Yeah, they all are, I mean you can look at people who are way more heinous...I mean, John fucking Hinckley, who shot President...who shot a President, okay, President Reagan, has now been granted unaccompanied, I mean no supervision, permission to visit his parents, so he can travel alone. And (chuckling) you know the Secret Service is spending X amount watching his dumb ass. They’ve really just made a huge example out of the Manson people.
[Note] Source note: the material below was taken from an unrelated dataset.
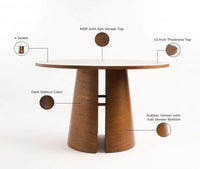 Merovia 4 Seater Dining Table Dark Walnut
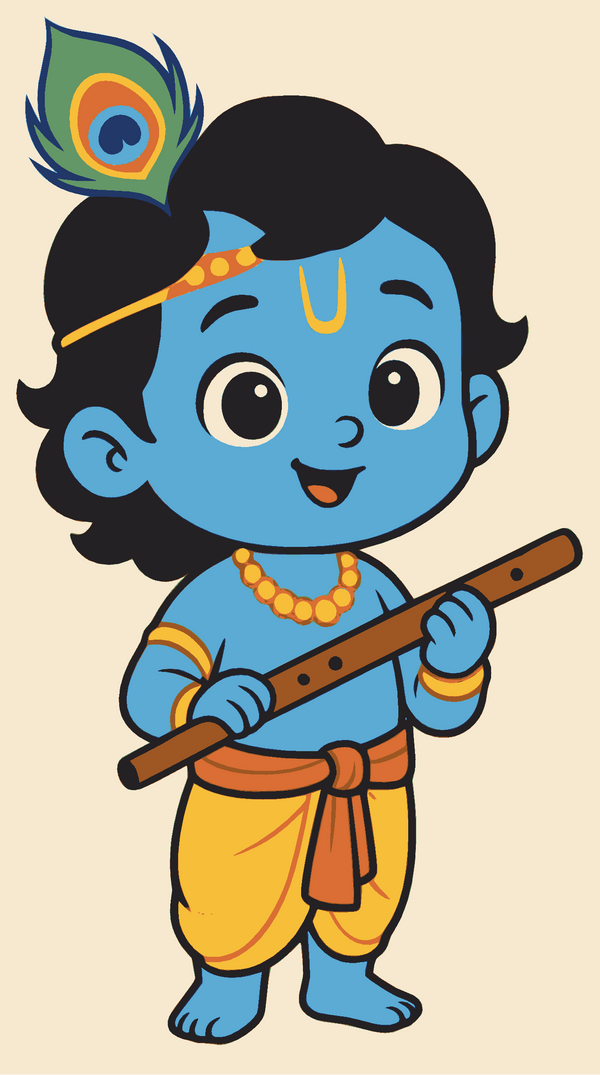 Bal Krishna with Flute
Yeah, they deserve to do...I dunno, I’m not a judge, I’m not part of the judicial system, I’m just a filmmaker and I made my piece, basically, as a reaction to the media’s fascination with this case.
Yeah, that comes through.
Y’know, I gotta admit, once I got into the case I found it kind of fascinating myself, so...there you go.
Tell me a few of your main filmmaking influences.
Hmmm...well, ummm, directors, that’s what you’re looking for, director’s names that I love...okay, well: Orson Welles, Federico Fellini, Sam Raimi, Martin Scorcese, David Lynch, George Miller
, George Romero, Tobe Hooper...
Yeah, you’ve got a nice kind of mix of arthouse and grindhouse there, huh?
That’s kind of ironic given some of the content of “Charlie’s Family.” (Talking here about the murder of Polanski’s wife at the time, Sharon Tate, by the Manson Family – Graham)
Francois Truffaut...I could keep going, man! You can choose the ones you want for the fucking interview, there you go. You can underline Scorcese though, I fucking love him. Even through all of his faults and excesses, he made Hollywood work for him, y’know?
I never saw Gangs of New York.
You should, you really should. Watch it for the fucking production design, watch it for Marty’s direction, watch it for Daniel Day fucking Lewis, who is extraordinary, he’s incredible.
Talking about directors here, you’ve got a clip of “You Killed Me First” in “Charlie’s Family.” Now, you know Richard Kern, don’t you?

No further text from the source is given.